(Task statement)
Repeat the listing exactly, line by line, and leave the pictures behind.

┌──

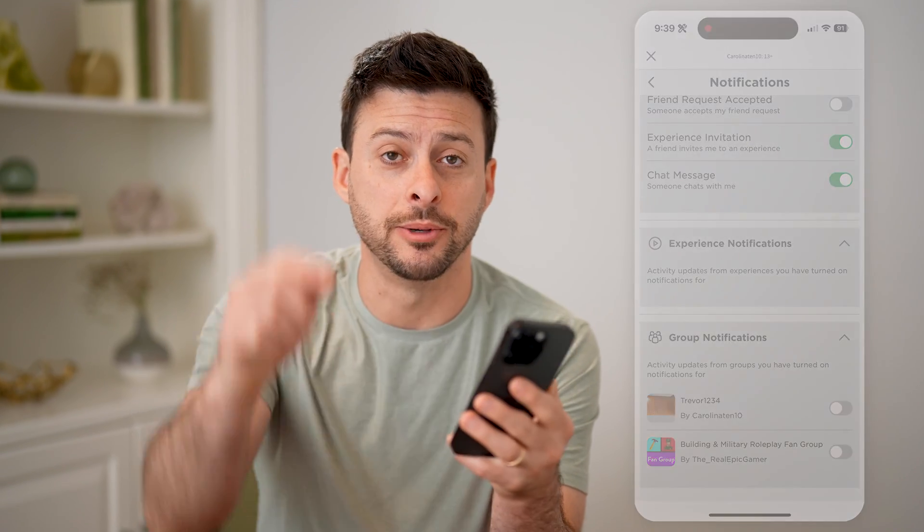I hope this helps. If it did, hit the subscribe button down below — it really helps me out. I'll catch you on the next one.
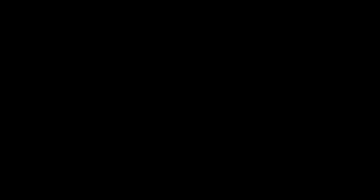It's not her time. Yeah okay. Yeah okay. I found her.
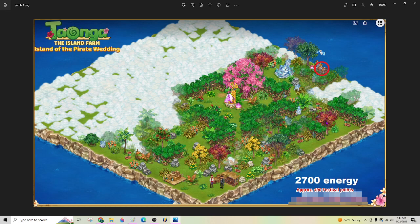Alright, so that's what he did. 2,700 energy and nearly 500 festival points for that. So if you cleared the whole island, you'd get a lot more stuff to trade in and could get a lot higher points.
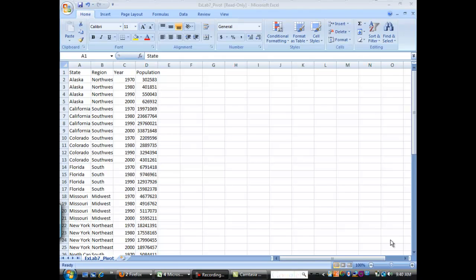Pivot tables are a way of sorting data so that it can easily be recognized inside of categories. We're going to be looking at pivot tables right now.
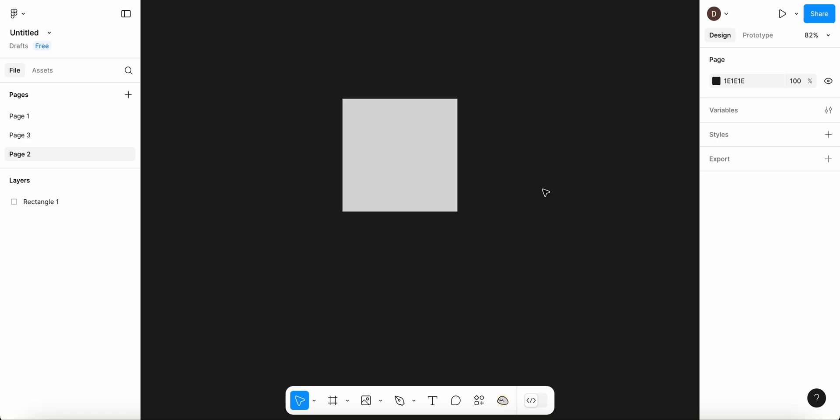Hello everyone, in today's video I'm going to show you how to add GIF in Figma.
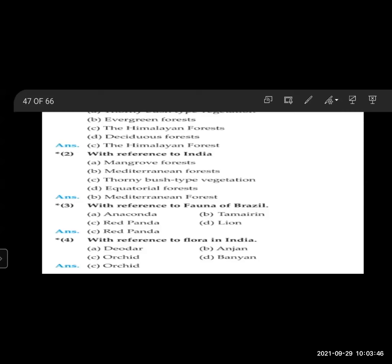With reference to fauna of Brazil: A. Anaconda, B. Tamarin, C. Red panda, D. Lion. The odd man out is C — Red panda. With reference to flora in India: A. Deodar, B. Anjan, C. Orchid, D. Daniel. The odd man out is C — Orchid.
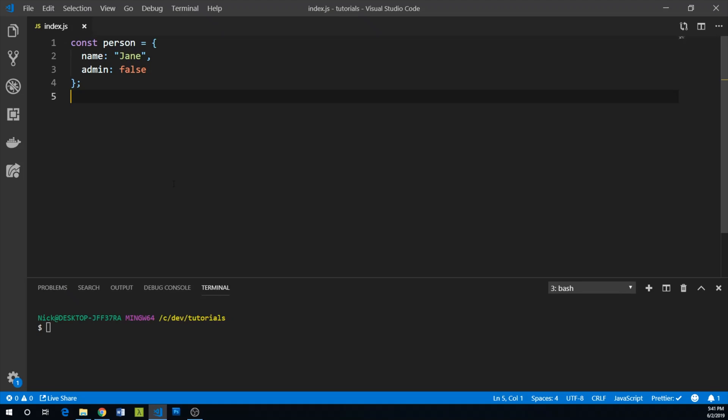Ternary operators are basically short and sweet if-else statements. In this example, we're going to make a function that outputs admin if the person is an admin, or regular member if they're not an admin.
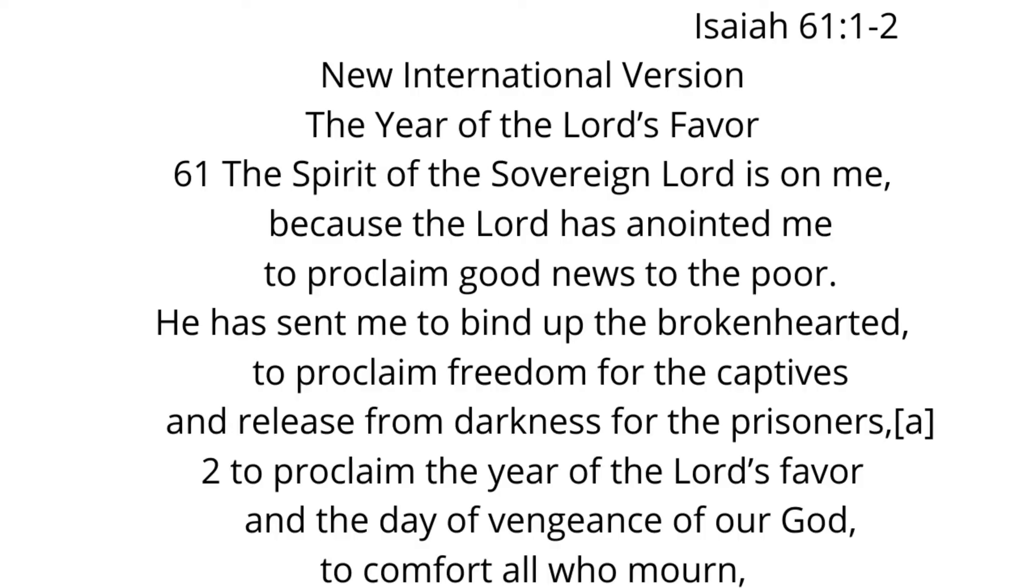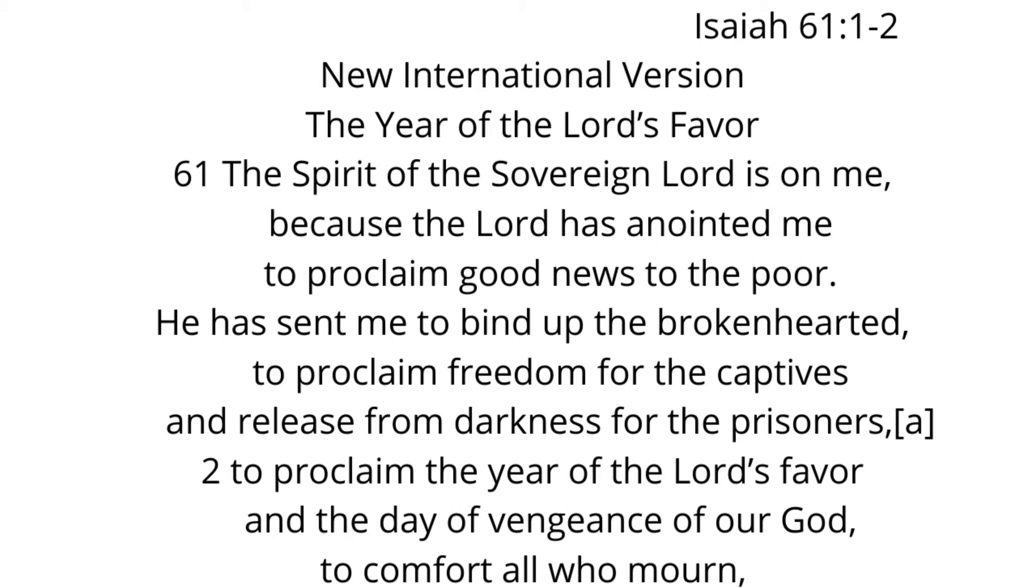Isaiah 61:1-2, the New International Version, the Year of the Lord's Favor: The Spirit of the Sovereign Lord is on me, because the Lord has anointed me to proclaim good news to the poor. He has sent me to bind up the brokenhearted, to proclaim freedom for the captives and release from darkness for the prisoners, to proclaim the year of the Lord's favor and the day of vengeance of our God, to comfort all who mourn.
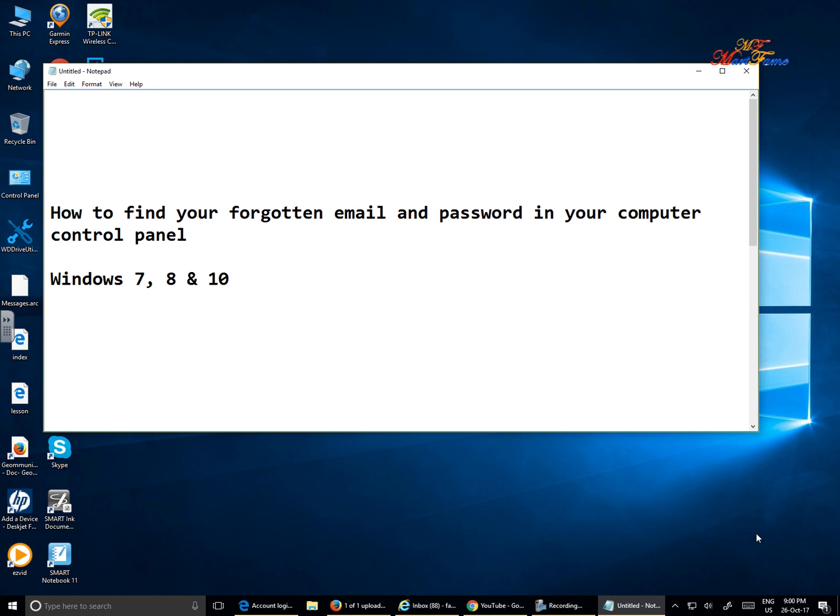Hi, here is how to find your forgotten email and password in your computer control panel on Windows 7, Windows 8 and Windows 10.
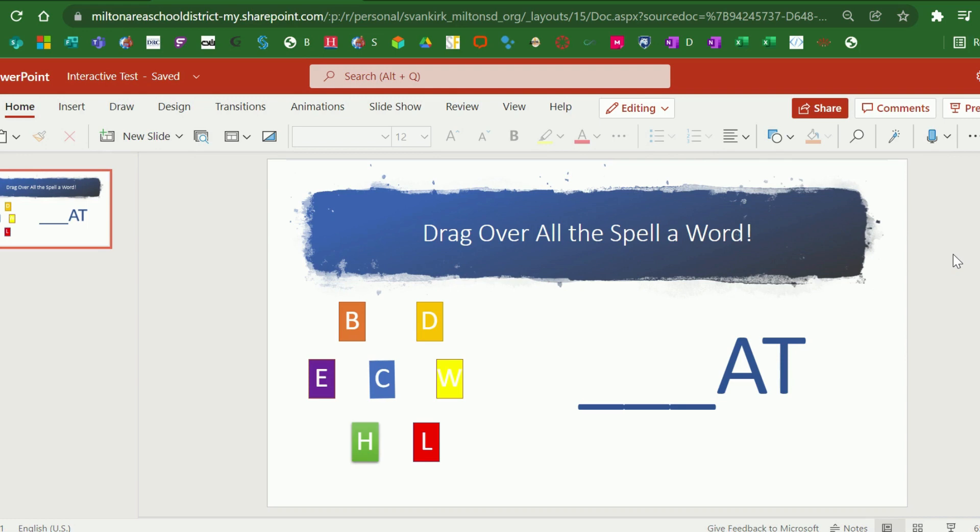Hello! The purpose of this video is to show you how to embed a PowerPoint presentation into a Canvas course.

└──

(Exercise output)
I hope this helps. If it did, hit the subscribe button down below — it really helps me out. I'll catch you on the next one.
It's not her time. Yeah okay. Yeah okay. I found her.
Alright, so that's what he did. 2,700 energy and nearly 500 festival points for that. So if you cleared the whole island, you'd get a lot more stuff to trade in and could get a lot higher points.
Pivot tables are a way of sorting data so that it can easily be recognized inside of categories. We're going to be looking at pivot tables right now.
Hello everyone, in today's video I'm going to show you how to add GIF in Figma.
With reference to fauna of Brazil: A. Anaconda, B. Tamarin, C. Red panda, D. Lion. The odd man out is C — Red panda. With reference to flora in India: A. Deodar, B. Anjan, C. Orchid, D. Daniel. The odd man out is C — Orchid.
Ternary operators are basically short and sweet if-else statements. In this example, we're going to make a function that outputs admin if the person is an admin, or regular member if they're not an admin.
Isaiah 61:1-2, the New International Version, the Year of the Lord's Favor: The Spirit of the Sovereign Lord is on me, because the Lord has anointed me to proclaim good news to the poor. He has sent me to bind up the brokenhearted, to proclaim freedom for the captives and release from darkness for the prisoners, to proclaim the year of the Lord's favor and the day of vengeance of our God, to comfort all who mourn.
Hi, here is how to find your forgotten email and password in your computer control panel on Windows 7, Windows 8 and Windows 10.
Hello! The purpose of this video is to show you how to embed a PowerPoint presentation into a Canvas course.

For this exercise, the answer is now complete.